Beyond brick and mortar: Online sales can be key to keeping small town businesses viable

December 2017 Posted in Business, Community

Glenn Klecker and Amanda DeDona in the shipping area of Klecker Knives (3)By Melissa Wagoner

Many small businesses rely both on brick and mortar storefronts and online marketing to stay viable. Klecker Knives in Silverton is no exception.

“Small businesses in a small town have to diversify to make their sales,” Amanda DeDona, chief operations officer for Klecker Knives in Silverton explained. “You can’t just rely on foot traffic alone to make your sales.”

Glenn Klecker, who has been designing knives and tools for 20 years, moved from his basement workshop to a storefront on Oak Street two years ago to gain more space and to interact more with his community.

“I made a conscious decision to park my butt in the middle of town rather than having a warehouse,” he said. “For the first year and a half the foot traffic almost paid the rent.”

Nicholas Cofey, owner of Astonishing Adventures, a collectible store in Silverton, had a similar beginning, also starting out online. Today he owns an eBay Anchor Store, an Amazon.com bookstore and a Comic Book Collector Live store amounting to over 100,000 items listed for sale at any one time, but last year he felt compelled to also open a storefront for his operation.

“I love the town and the people here in Silverton, so I could easily quit my online sales if I were to generate enough income from just the brick and mortar Silverton location,” Cofey said.

However, only about 50 percent of Astonishing Adventures’ current income is generated by the storefront, so Cofey will not be shutting down his online operations any time soon.  That doesn’t bother him.

“I think if you’re not doing online sales during the down time you’re doing it wrong,” he said. “There is plenty of down time during unpleasant weather etc., so you should have time to list things online to generate extra income.”
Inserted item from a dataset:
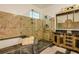 Luxurious bathroom with a glass shower, soaking tub, and designer vanity at 2308 W Jetton Ave, Tampa, FL 33629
Laurie Carter, owner of Silverton’s Apples to Oranges yarn and gift Screen Shot 2017-12-14 at 11.33.22 AM
shop agrees.

“I always knew that I needed to get online if I wanted to make a success here,” she said. “It just gives me a whole other dimension.”
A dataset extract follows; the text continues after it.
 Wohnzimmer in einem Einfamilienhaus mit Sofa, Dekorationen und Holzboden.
Carter, who currently handles about 20 percent of her sales online, said that she expects that number to increase but
that there will always be a need for a physical shop.

“People love coming in to the shop and being able to sit and knit and feel the yarn,” Carter explained.

“This is a real great place for new people coming to Silverton to meet people.”

Klecker agreed adding, “It’s comfortable and friendly, it’s not big business.”  For Klecker Knives developing a personal relationship with a loyal customer base is what drives their business. “It’s a unique product,” DeDona said. “There’s nothing out there on the market like it.”

Klecker agreed, “Everything we have is something that nobody has done before. It’s the outside the box thinking that makes them unique.”

Because of this individuality Klecker has been able to rely on word of mouth to get the word out about his established products and social media Kickstarter Campaigns to start the ball rolling about new ones.

He thinks that the same things that motivates customers to buy from people in their own community makes Kickstarter a successful place for innovators like himself to get new ideas off the ground.

“You’re supporting a maker,” he said. “Also, for us being small it’s still helpful to have an initial big order.”

Newly opened Sin-able Sweets is also using online efforts to get their business off the ground. They market and ship their dietetic sweets around the country.

“Right now, about 20 percent of our sales are online, but we are starting to actively market our online sales to increase that percentage,” owner Dan Clements said.

Clements thinks these online efforts will not only help keep his bakery’s doors open but also help the local economy.

“Online sales can help a small town like Mount Angel in many respects,” he said. “As the business grows, they can help with employment in the city, adding to the tax base. With our business, we hope our mail order/online customers come and visit so they can see about
Mount Angel and what it has to
offer for fun and recreation.”

Carter, too, likes the idea that she is helping her community stay vibrant.

“My original purpose in opening the
shop is I hated to see downtown emptying out,” she said. “In that I
think I’ve done a really good job and
I feel confident that it’s going to be here for 10 more years at least.”